So, been digging around with Kafka-Rest and have run into some issues. Let me describe the situation first:
We have a Kafka cluster sitting inside of a Data warehouse. We don't want to expose the Kafka cluster to 'the world' and without going into a crazy amount of IPSEC tunneling shenanigans, we wanted to be able to expose a REST interface to the cluster (as an endpoint, only allowing certain requests, limiting access, etc).
So, as a little testbed, i put together a simple producer that writes directly to Kafka It's nothing more than a sentence producer, flat text, no encryption.
I was able to put up a Kafka-Rest proxy no problem, was able to query the topics, get details about the topics without issue.

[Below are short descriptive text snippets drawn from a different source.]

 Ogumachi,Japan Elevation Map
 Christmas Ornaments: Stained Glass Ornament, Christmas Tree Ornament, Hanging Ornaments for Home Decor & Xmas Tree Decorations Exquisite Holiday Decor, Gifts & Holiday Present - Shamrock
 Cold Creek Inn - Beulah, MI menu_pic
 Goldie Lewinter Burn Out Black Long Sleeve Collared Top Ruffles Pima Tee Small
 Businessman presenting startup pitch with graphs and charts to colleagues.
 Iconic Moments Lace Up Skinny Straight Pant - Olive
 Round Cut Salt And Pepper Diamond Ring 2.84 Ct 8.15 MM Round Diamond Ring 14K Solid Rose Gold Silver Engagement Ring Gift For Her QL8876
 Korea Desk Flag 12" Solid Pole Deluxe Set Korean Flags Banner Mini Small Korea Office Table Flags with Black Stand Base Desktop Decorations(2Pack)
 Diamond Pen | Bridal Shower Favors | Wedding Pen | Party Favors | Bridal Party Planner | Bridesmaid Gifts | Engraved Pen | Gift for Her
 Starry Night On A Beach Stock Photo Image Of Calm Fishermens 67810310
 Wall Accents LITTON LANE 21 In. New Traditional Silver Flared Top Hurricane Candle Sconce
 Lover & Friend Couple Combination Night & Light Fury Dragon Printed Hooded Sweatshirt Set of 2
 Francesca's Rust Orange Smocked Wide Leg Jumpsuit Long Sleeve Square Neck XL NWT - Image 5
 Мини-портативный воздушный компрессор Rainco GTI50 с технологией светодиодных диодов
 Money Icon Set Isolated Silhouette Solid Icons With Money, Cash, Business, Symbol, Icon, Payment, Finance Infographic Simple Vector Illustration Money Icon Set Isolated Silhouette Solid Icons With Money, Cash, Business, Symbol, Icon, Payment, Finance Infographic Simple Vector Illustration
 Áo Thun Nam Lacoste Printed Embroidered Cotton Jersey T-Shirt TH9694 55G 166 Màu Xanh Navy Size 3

Then I tried to read from the topic.
I keep getting a '{"error_code":40601,"message":"The requested embedded data format does not match the deserializer for this consumer instance"}.'
OK, so I need to format the message in an appropriate manner. Fine. So I wrote the following in python:
from kafka.client import KafkaClient
from kafka.consumer import SimpleConsumer
from kafka.producer import SimpleProducer
import time
import random
import logging
import json
import base64
logging.basicConfig(level=logging.INFO)
s_nouns = ["A dude", "My mom", "The king", "Some guy"]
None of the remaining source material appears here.